Among the entries below, extract exactly the lines that run from the one with "WSUCougarsVB's tweet photo." through the one with "For vincent van", both ends included.

Stored records:
○ ○ ○ ○ ○

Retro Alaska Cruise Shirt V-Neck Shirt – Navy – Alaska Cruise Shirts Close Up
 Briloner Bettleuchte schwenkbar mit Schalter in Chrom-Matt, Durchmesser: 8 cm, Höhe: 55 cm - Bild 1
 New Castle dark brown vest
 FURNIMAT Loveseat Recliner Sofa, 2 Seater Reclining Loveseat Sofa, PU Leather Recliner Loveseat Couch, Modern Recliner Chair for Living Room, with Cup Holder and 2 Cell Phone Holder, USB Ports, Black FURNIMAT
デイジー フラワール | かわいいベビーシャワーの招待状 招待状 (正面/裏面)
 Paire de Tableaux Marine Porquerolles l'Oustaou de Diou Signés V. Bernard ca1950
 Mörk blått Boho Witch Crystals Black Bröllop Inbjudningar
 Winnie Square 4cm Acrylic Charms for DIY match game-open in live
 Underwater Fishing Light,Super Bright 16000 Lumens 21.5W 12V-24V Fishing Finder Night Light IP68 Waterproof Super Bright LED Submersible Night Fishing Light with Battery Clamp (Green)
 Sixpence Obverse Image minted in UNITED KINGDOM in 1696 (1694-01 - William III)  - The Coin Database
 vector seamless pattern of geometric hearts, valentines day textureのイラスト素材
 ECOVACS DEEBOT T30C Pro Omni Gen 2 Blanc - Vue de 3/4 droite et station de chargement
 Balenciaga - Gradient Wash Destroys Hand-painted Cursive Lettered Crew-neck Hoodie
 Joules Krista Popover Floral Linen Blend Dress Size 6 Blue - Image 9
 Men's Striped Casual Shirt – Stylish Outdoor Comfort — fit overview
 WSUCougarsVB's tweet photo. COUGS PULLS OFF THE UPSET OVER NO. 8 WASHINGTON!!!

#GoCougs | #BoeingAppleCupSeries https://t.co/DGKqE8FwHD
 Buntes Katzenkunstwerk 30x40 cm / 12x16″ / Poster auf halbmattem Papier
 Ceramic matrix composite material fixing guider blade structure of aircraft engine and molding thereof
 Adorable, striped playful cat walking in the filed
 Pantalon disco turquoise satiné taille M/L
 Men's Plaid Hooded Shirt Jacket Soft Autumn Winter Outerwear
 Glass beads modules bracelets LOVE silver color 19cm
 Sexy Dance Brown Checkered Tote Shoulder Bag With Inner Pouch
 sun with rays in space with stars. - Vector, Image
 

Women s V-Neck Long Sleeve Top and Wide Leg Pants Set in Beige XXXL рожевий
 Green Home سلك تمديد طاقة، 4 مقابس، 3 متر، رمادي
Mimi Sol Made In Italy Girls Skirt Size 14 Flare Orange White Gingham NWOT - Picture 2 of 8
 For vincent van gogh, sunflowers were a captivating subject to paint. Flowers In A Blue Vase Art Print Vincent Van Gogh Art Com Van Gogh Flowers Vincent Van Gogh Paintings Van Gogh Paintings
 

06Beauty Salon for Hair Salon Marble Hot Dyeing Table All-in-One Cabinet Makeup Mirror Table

○ ○ ○ ○ ○

COMPLETED EXERCISE:
 WSUCougarsVB's tweet photo. COUGS PULLS OFF THE UPSET OVER NO. 8 WASHINGTON!!!

#GoCougs | #BoeingAppleCupSeries https://t.co/DGKqE8FwHD
 Buntes Katzenkunstwerk 30x40 cm / 12x16″ / Poster auf halbmattem Papier
 Ceramic matrix composite material fixing guider blade structure of aircraft engine and molding thereof
 Adorable, striped playful cat walking in the filed
 Pantalon disco turquoise satiné taille M/L
 Men's Plaid Hooded Shirt Jacket Soft Autumn Winter Outerwear
 Glass beads modules bracelets LOVE silver color 19cm
 Sexy Dance Brown Checkered Tote Shoulder Bag With Inner Pouch
 sun with rays in space with stars. - Vector, Image
 

Women s V-Neck Long Sleeve Top and Wide Leg Pants Set in Beige XXXL рожевий
 Green Home سلك تمديد طاقة، 4 مقابس، 3 متر، رمادي
Mimi Sol Made In Italy Girls Skirt Size 14 Flare Orange White Gingham NWOT - Picture 2 of 8
 For vincent van gogh, sunflowers were a captivating subject to paint. Flowers In A Blue Vase Art Print Vincent Van Gogh Art Com Van Gogh Flowers Vincent Van Gogh Paintings Van Gogh Paintings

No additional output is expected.